If granted, this would hardly be the first time where the matter of whom the judge played golf and drank scotch with has had more bearing on a decision than the legal merits of a case. But the bigger issue is the courts' deep reluctance to join the rest of us here in the 21st century.

Which brings up the other copyright case stuck in my craw, Sony BMG et al v. Tenenbaum. This is the one where the record companies not only ganged up on a file-swapping college student, they also picked on his parents -- one of whom is an attorney. The Royally PO'd Tenenbaums then got Harvard law professor Charles Nesson on the case, who decided to use it to test the constitutionality of the RIAA's thuggish tactics.

Last week an appeals court overturned a ruling by a lower court that allowed Joel Tenenbaum and his attorneys to Webcast proceedings of the trial on his site, JoelFightsBack. Those of us longing to see the RIAA roasted over an open flame by a team of Harvard legal eagles are now unlikely to get their wish.

The appeals court based its decision on an interpretation of local court rules that say televising proceedings is fine in certain limited circumstances, but only those circumstances. IANAL, but it seems to me like you could interpret those rules in any way you happen to feel like at the moment.

Among other things, Tenenbaum's attorneys argued that Webcasting the trial is effectively no different than attending it in person, which is allowed. First District Court Judge Bruce Selya responded thusly:

While the new technology characteristic of the Information Age may call for the replotting of some boundaries, the venerable right of members of the public to attend federal court proceedings is far removed from an imagined entitlement to view court proceedings remotely on a computer screen.

And that's all he has to say on the matter. We'll just replot those boundaries later, after I'm retired, so I don't have to think about anything new.

Of course, any judge who uses phrases like "On close perscrutation, that contention comes to naught," is probably still wearing powdered wigs and taking laudanum for head colds. (FYI, "perscrutation" means "a thorough searching; a minute inquiry or scrutiny," and yes, I had to look it up.)

Another appeals court judge agreed with Selya's interpretation of the court rules, but said the court rules are stuck in the dark ages:

...in my view, there are no sound policy reasons to prohibit the webcasting authorized by the district court. Therefore, this case calls into question the continued relevance and vitality of a rule that requires such a disagreeable outcome.... Ironically, however, almost immediately after the oral argument in this First Circuit mandamus proceeding ended, anyone with an internet connection could access a recording of that argument from our website.

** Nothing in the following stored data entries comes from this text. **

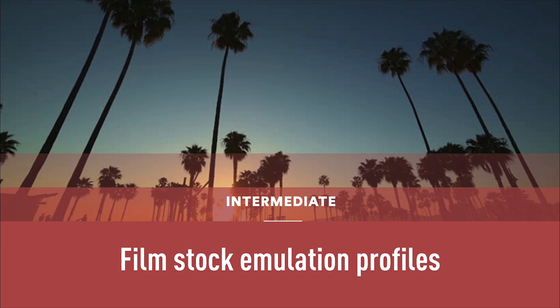We're going to start looking at the color profiles with film stock emulation profiles. They are certainly the most interesting part of ColorLab profiles.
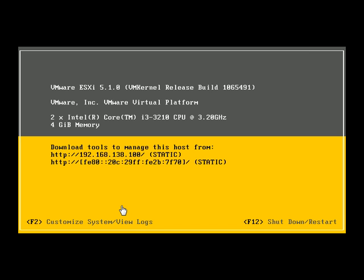Up to now, we have seen how to install VMware ESXi, either 5.0 or 5.1 version. The next concept is how to connect to the ESXi host from the vSphere client. The IP address of the ESXi server is 192.168.138.100.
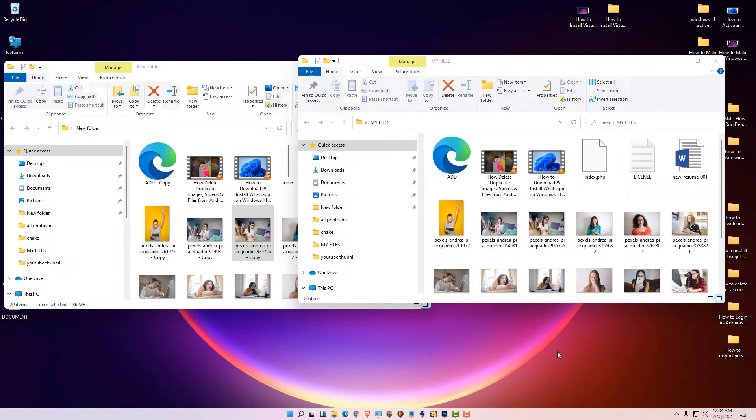Hello friends, welcome. In this video we are going to see how to find and delete duplicate files in Windows 11 operating system by the very simplest way.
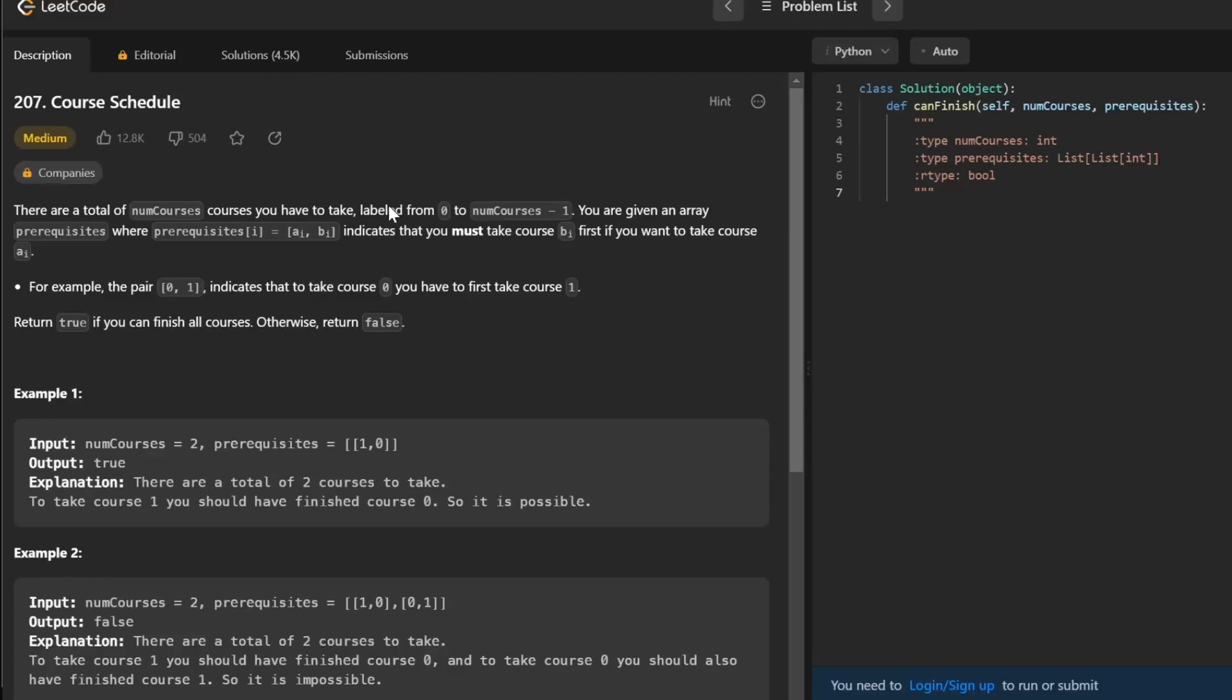Hey guys, how's it going? Today I'll be going over a fundamental LeetCode problem, and that's course schedule.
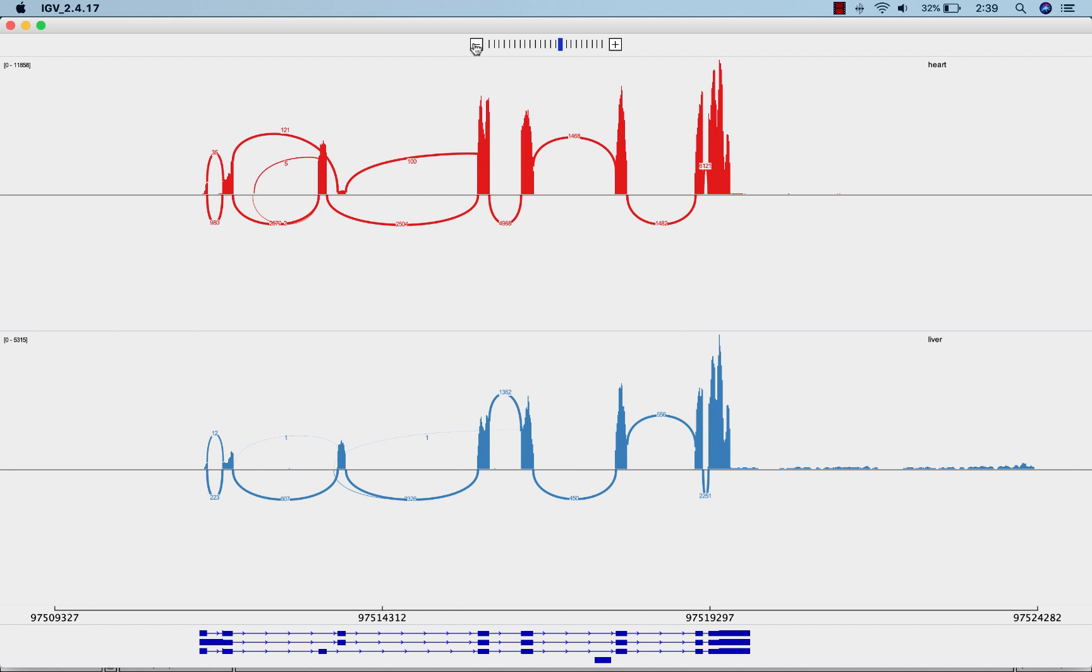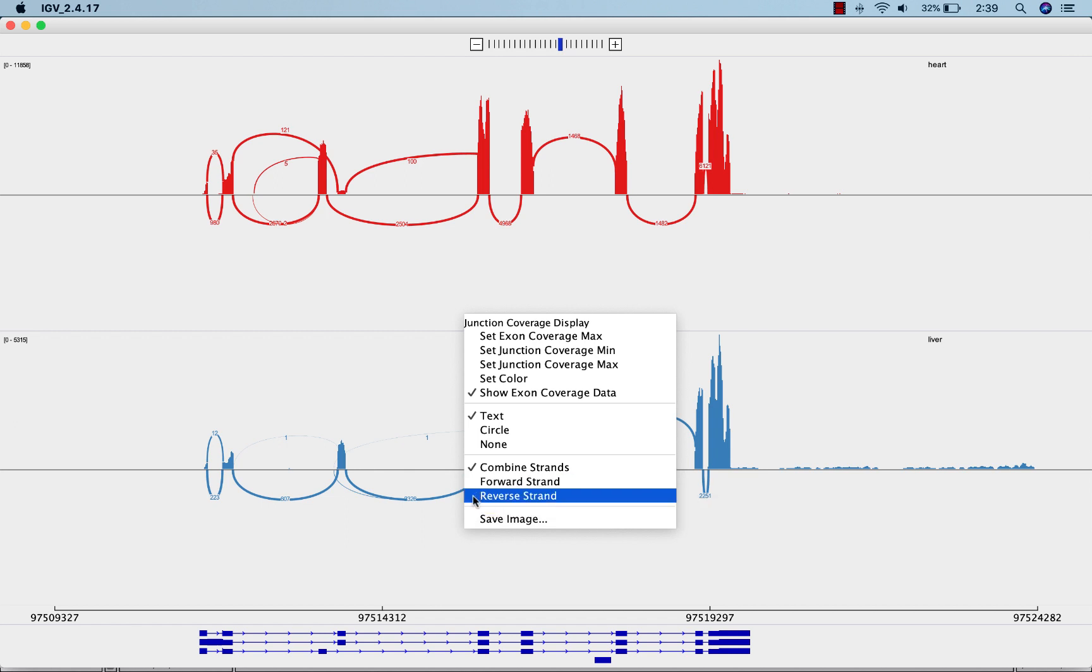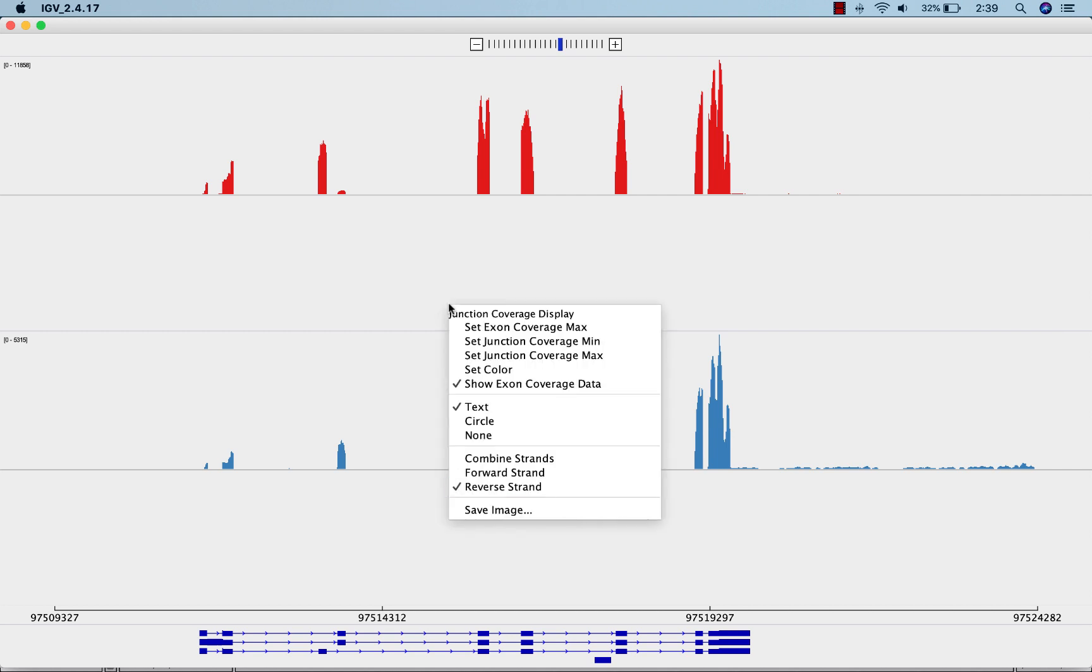By default, sashimi plots show arcs for splice junctions on the forward and reverse strands. However, you can change this by right-clicking and selecting the strand you'd like to see. Now, for example, only the reverse strand spanning splice junctions are shown. Looks like there are none for this gene. Let's combine the strands for now.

In other words, it's against the rules to show you what's happening in the courtroom as it happens, but perfectly OK to show you a recording of it a few minutes later.

Judge Kermit Lipez adds this coda:

The Local Rule at the center of this controversy was adopted in 1990. Since its adoption, dramatic advances in communications technology have had a profound effect on our society. These new technological capabilities provide an unprecedented opportunity to increase public access to the judicial system in appropriate circumstances. They have also created expectations that judges will respond sensibly to these opportunities.

Right on, Kermit. Now, how do we go about finding some sensible judges?